Grzegorczyk Marco, Aderhold Andrej, Husmeier Dirk
Stat Appl Genet Mol Biol. 2015 Apr;14(2):143-67. doi: 10.1515/sagmb-2014-0041.
There has been much interest in reconstructing bi-directional regulatory networks linking the circadian clock to metabolism in plants. A variety of reverse engineering methods from machine learning and computational statistics have been proposed and evaluated. The emphasis of the present paper is on combining models in a model ensemble to boost the network reconstruction accuracy, and to explore various model combination strategies to maximize the improvement. Our results demonstrate that a rich ensemble of predictors outperforms the best individual model, even if the ensemble includes poor predictors with inferior individual reconstruction accuracy. For our application to metabolomic and transcriptomic time series from various mutagenesis plants grown in different light-dark cycles we also show how to determine the optimal time lag between interactions, and we identify significant interactions with a randomization test. Our study predicts new statistically significant interactions between circadian clock genes and metabolites in Arabidopsis thaliana, and thus provides independent statistical evidence that the regulation of metabolism by the circadian clock is not uni-directional, but that there is a statistically significant feedback mechanism aiming from metabolism back to the circadian clock.

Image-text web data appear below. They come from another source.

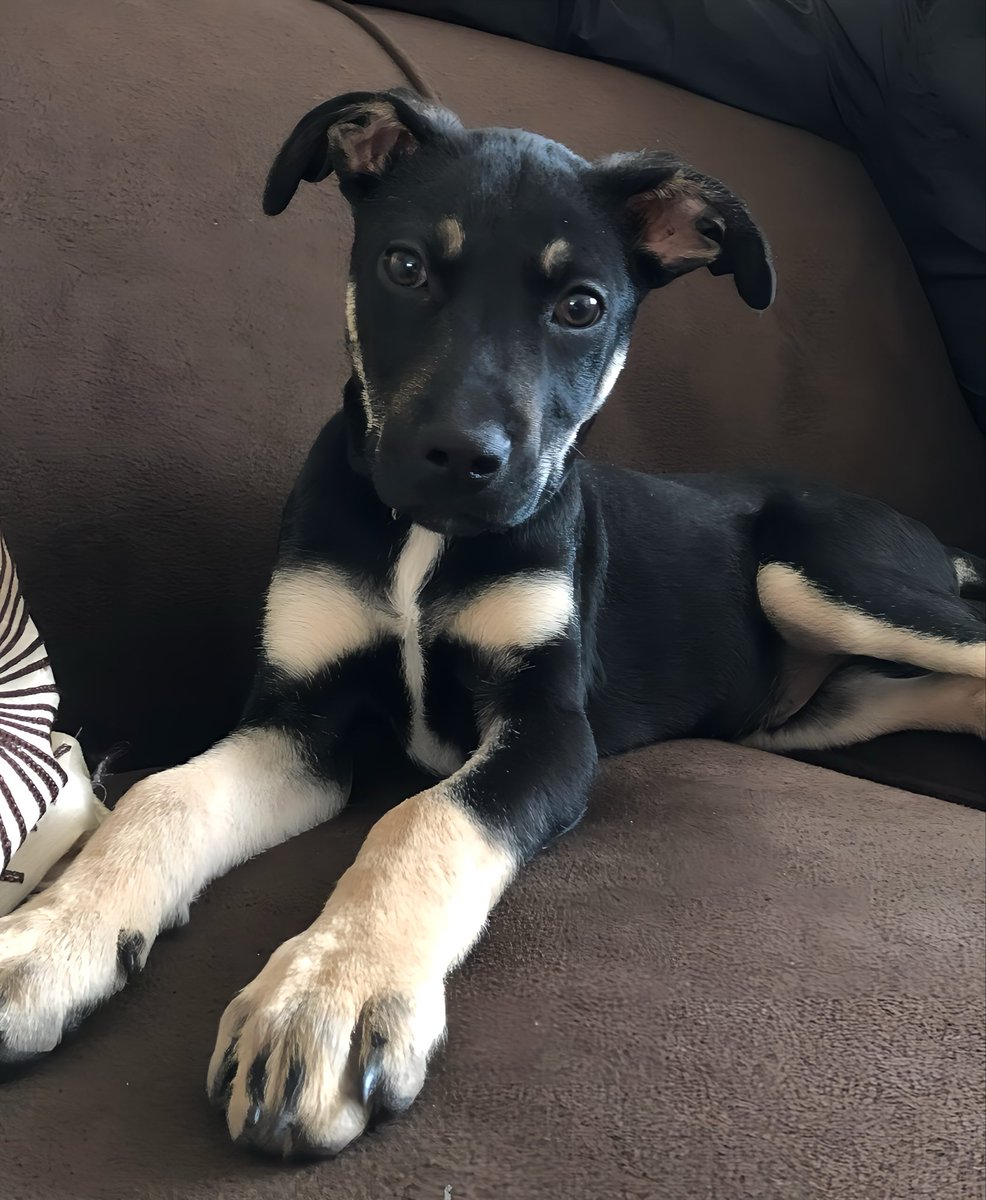 Happy 4th Gotcha Day to darling <a href="/AustinHalifax/">Austin</a> who brings so much joy to all who know him. 🥰♥️🐾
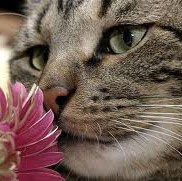 Janice Moss Photo 29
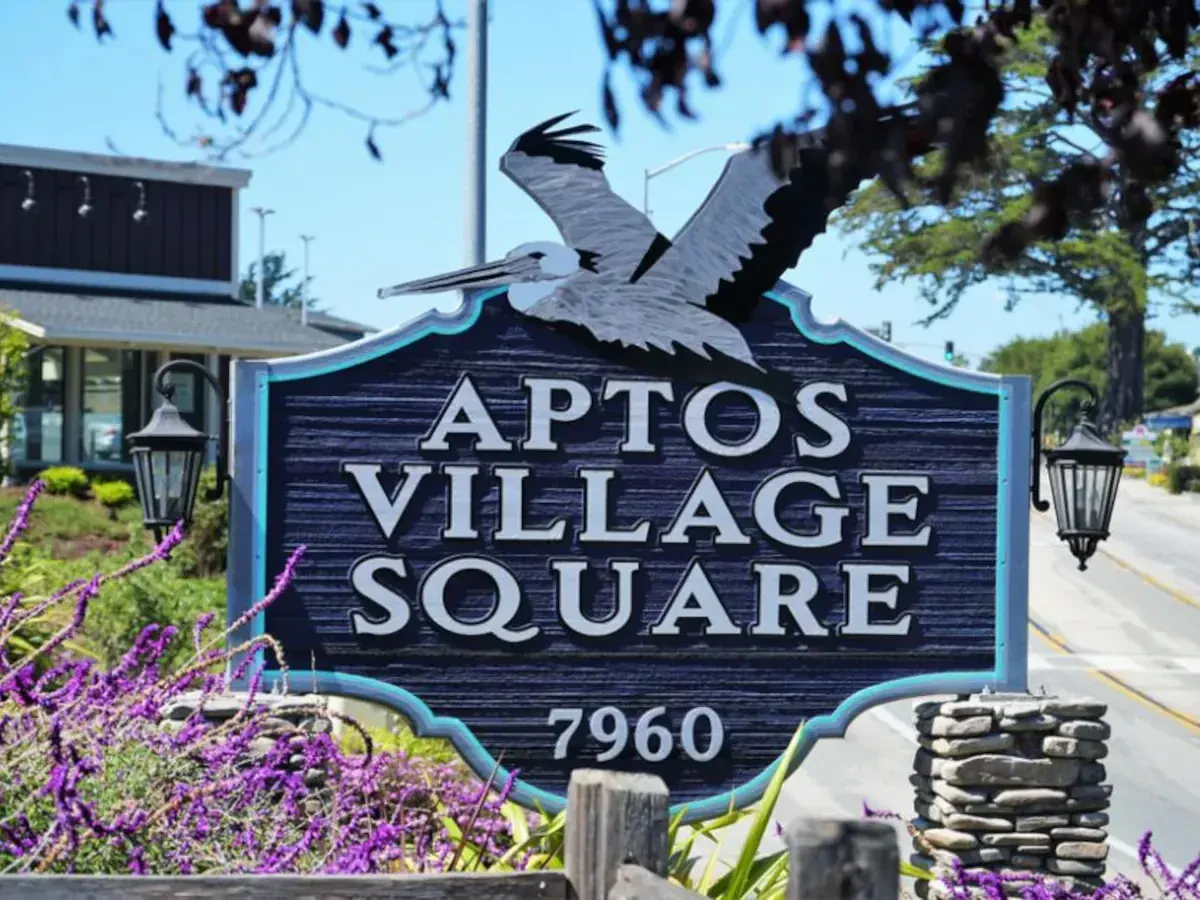 International Moving Company Aptos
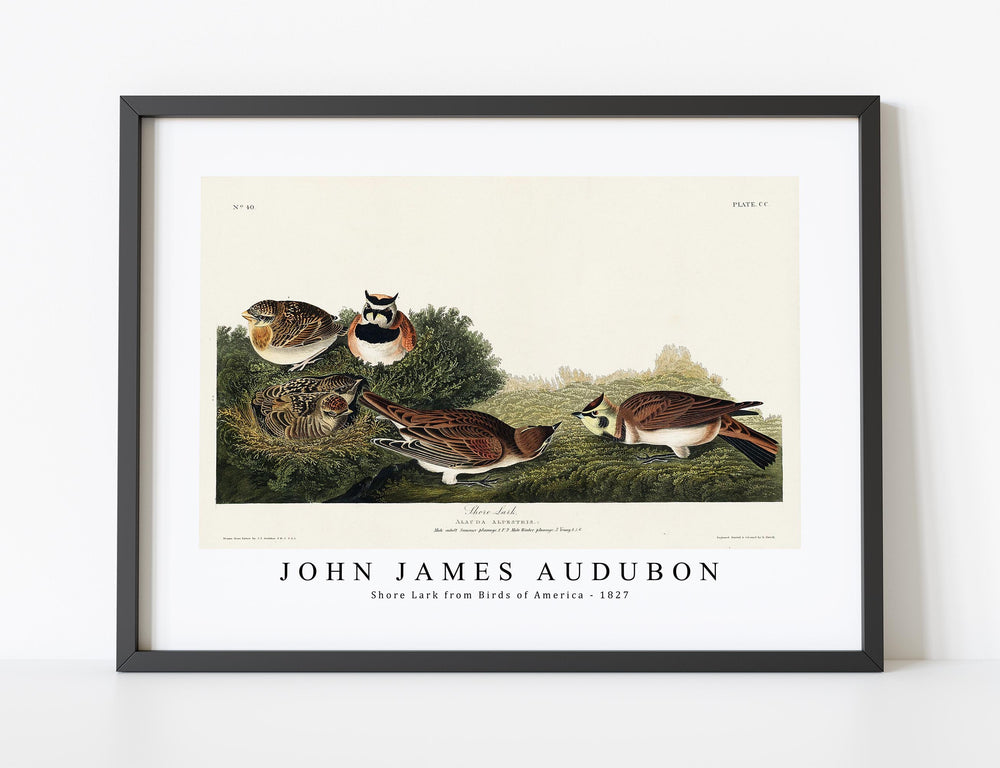 John James Audubon - Shore Lark from Birds of America (1827)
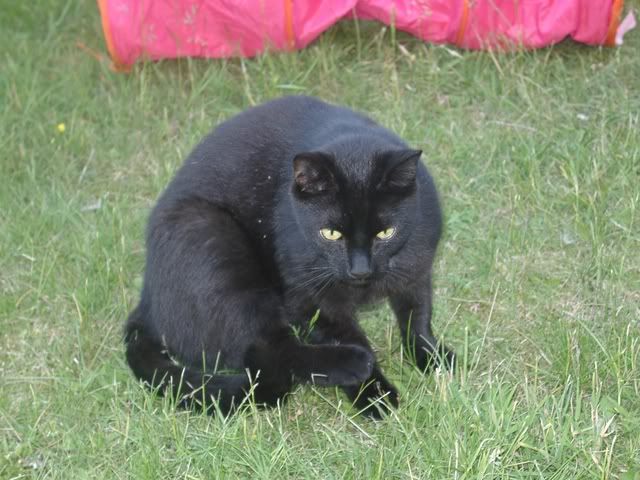 KatersGarten072.jpg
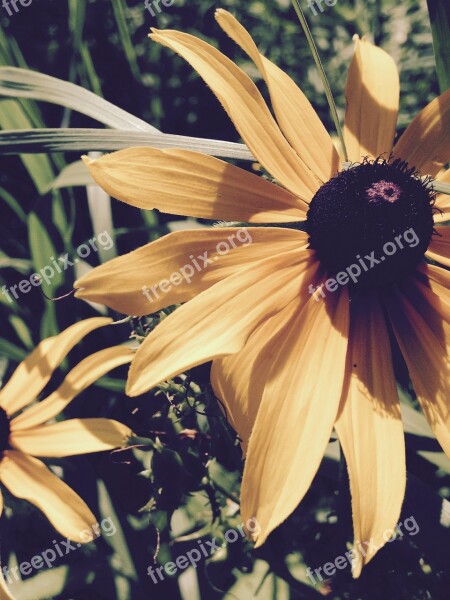 Brown Eyed Susan Yellow Flower Flower Yellow Floral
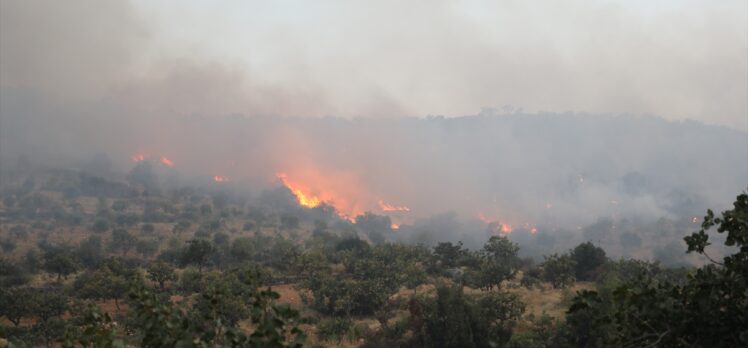 GÜNCELLEME – Gaziantep'in Nizip ilçesinde ormanlık alanda çıkan yangın kontrol altına alındı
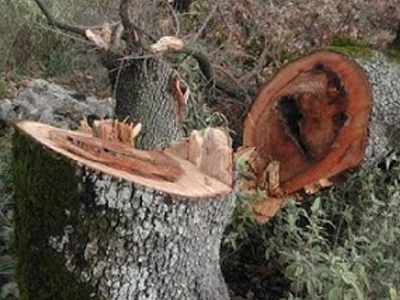 Αποψίλωσαν 5.000 στρέμματα δάσους στον Γράμμο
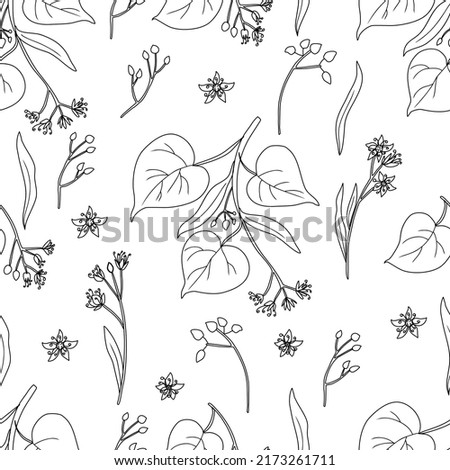 Seamless pattern Linden flower brunch, decorative graphic basswood vector hand drawn ink illustration isolated on white, honey flower blossom outline background for design herbal tea, cosmetic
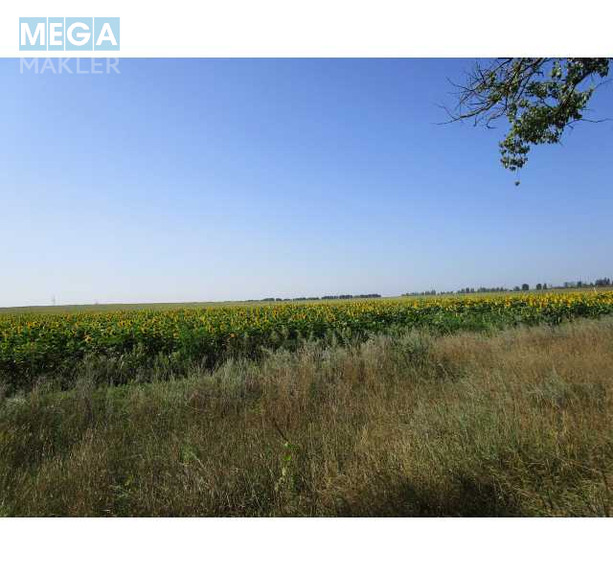 Продажа участка, 360 соток, участок под жилую застройку, <a class="location-link" href="/belogorodka-selo-kv/" title="Недвижимость Білогородка">Білогородка</a>, Софіївська (изображение 3)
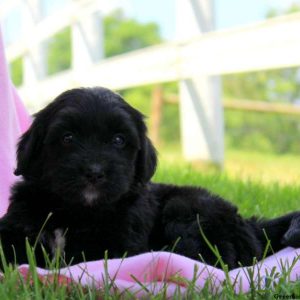 Heidi, Bernedoodle-Miniature Puppy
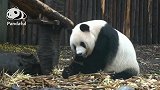 熊猫社区｜吃东西熊猫可以循环一整天
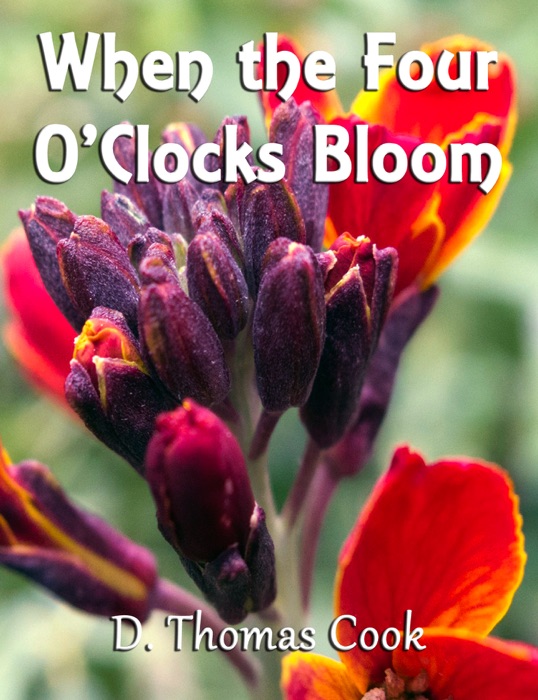 When The Four O'clocks Bloom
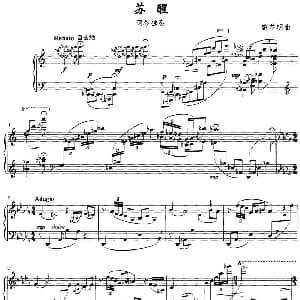 苏醒 钢琴谱 薛花明
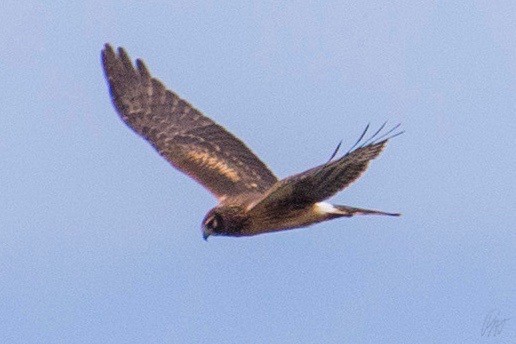 Northern Harrier - ML116195551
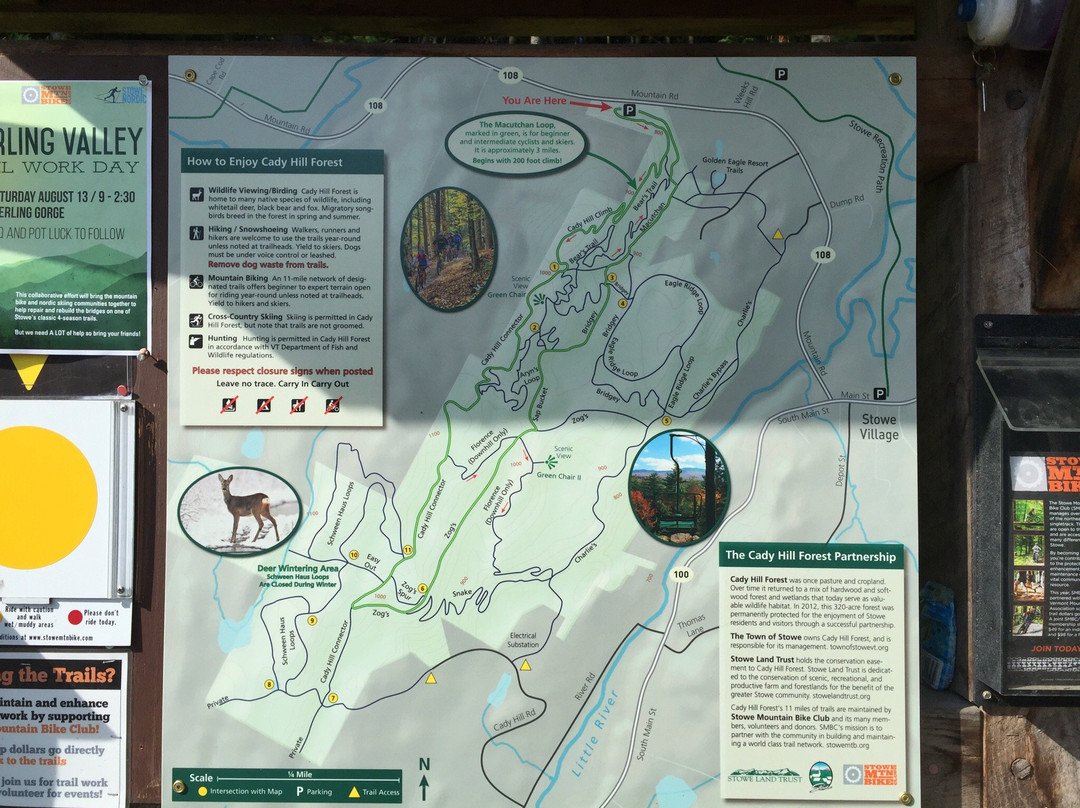 Cady Hill Forest-斯托必去景点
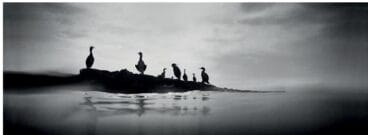 exposicion alfredo sanz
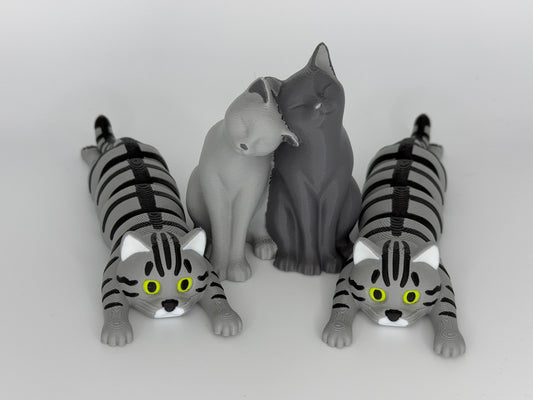 Set liebende Katzen & flexible Katzen getigert
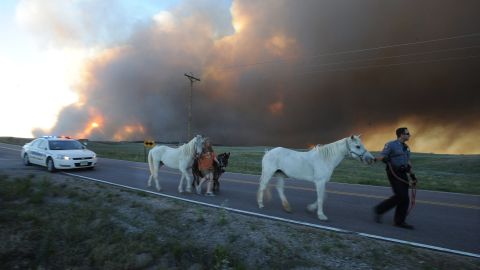 El Paso County Sheriff's Deputy Dan Cukowski helps Linda Davies walk her livestock out from the evacuated area in Colorado Springs on June 11.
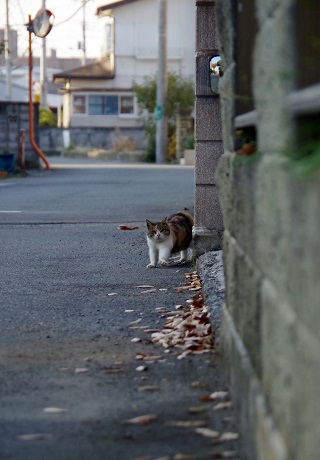 遅ーい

人们对构建连接植物生物钟与新陈代谢的双向调控网络有着浓厚兴趣。已经提出并评估了多种来自机器学习和计算统计学的逆向工程方法。本文重点在于将模型组合成一个模型集成,以提高网络重建的准确性,并探索各种模型组合策略以实现最大程度的改进。我们的结果表明,即使该集成包含个体重建准确性较差的预测器,丰富的预测器集成仍优于最佳的单个模型。对于我们在不同光暗周期下生长的各种诱变植物的代谢组学和转录组学时间序列的应用,我们还展示了如何确定相互作用之间的最佳时间滞后,并通过随机化检验识别出显著的相互作用。我们的研究预测了拟南芥生物钟基因与代谢物之间新的具有统计学意义的相互作用,从而提供了独立的统计证据,表明生物钟对代谢的调节不是单向的,而是存在从代谢反馈到生物钟的具有统计学意义的反馈机制。